To: nextrade! who wrote (6151)10/19/2002 7:44:05 AM
From: nextrade!Read Replies (1) | Respond to of 306849
 
Denver, Commercial market in pits

Despite gains, Denver is worst in country in Moody's rankings

rockymountainnews.com

By John Rebchook, Rocky Mountain News
October 17, 2002

The bad news is that Moody's Investor Service ranked Denver's commercial market worse than any metropolitan area in the country for the second consecutive quarter.

The good news is that Denver dramatically improved its overall average score to 31 from 14 from the previous quarter, according to the national ranking of more than 60 metropolitan areas in its third-quarter update report.

Moody's ranks apartments, retail, office, industrial and hotels as either red, green or yellow.

A red score of zero to 33 means the market is under stress; yellow, from 34 to 66, warrants monitoring; and green, 67 to 100, means it is not under imminent stress. The national average score is 65, more than twice as high as Denver's.

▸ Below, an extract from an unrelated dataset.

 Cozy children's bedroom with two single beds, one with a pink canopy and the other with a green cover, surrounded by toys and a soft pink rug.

Sally Gordon, vice president and senior credit officer for Moody's, said she never uses the adjective "worst" to describe a metro area.

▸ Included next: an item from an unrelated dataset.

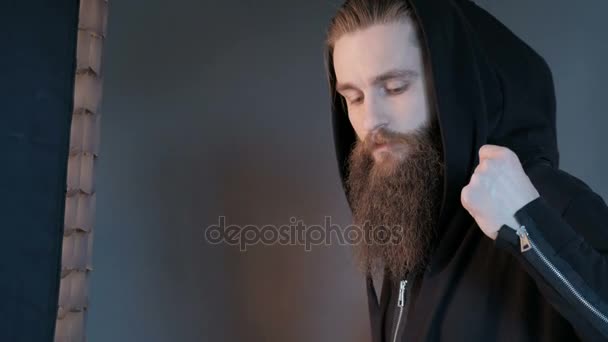 Retrato de homem sério elegante bonito em um capuz. Brutal homem com barba sobre fundo preto — Vídeo de Stock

"We have looked rather carefully at the economic data (from) Denver" to arrive at its current ranking, she said. She noted that employment growth is expected to decline 2 percent this year, in "stark contrast" to the robust growth of 3 percent to 4 percent in previous years.

"When employment is no longer growing, offices are not occupied, factories don't need warehouse space, and shopping centers don't do well because people aren't buying new tennis shoes and things," Gordon said.

She also noted that the Denver-area equivalent of a gross national product will only grow by 0.7 percent this year, compared with 8 percent to 9 percent annually from 1997 to 2000.

"My third point is that business bankruptcies are up by 200 percent from early 2000," Gordon said. "And the flow of venture capital is down 70 percent."

Offsetting those negatives, she said, is the quality of the labor force and the diversification of the economy. "The evidence and data is that Denver should, in fact, outperform the national economy long term, but until it actually happens we have to rely on what is actually there," Gordon said. The latest report is based on the second quarter.

Today, the apartment market is the only real estate sector that has moved from red to yellow, in one quarter rising to a score of 66 from 31. Retail, however, showed the biggest percentage increase, rising 200 percent to 21 from 7.

Jeff Hawks of Apartment Realty Advisors said the apartment market is showing excellent signs.

"I believe putting the apartment market in red was completely inconsistent with what I'm seeing from investors," Hawks said. "We're about to put an institutional-quality apartment property on the market, and we're receiving more interest now than we did with similar properties that we sold in the year 2000, when Denver was one of the hottest markets in the country."

Moody's noted employment is expected to rebound in Denver next year, which will help apartments.

Rick Calhoun, who heads Denver's CB Richard Ellis office, said he disagrees with Moody's methodology and thinks last quarter's assessment was too harsh.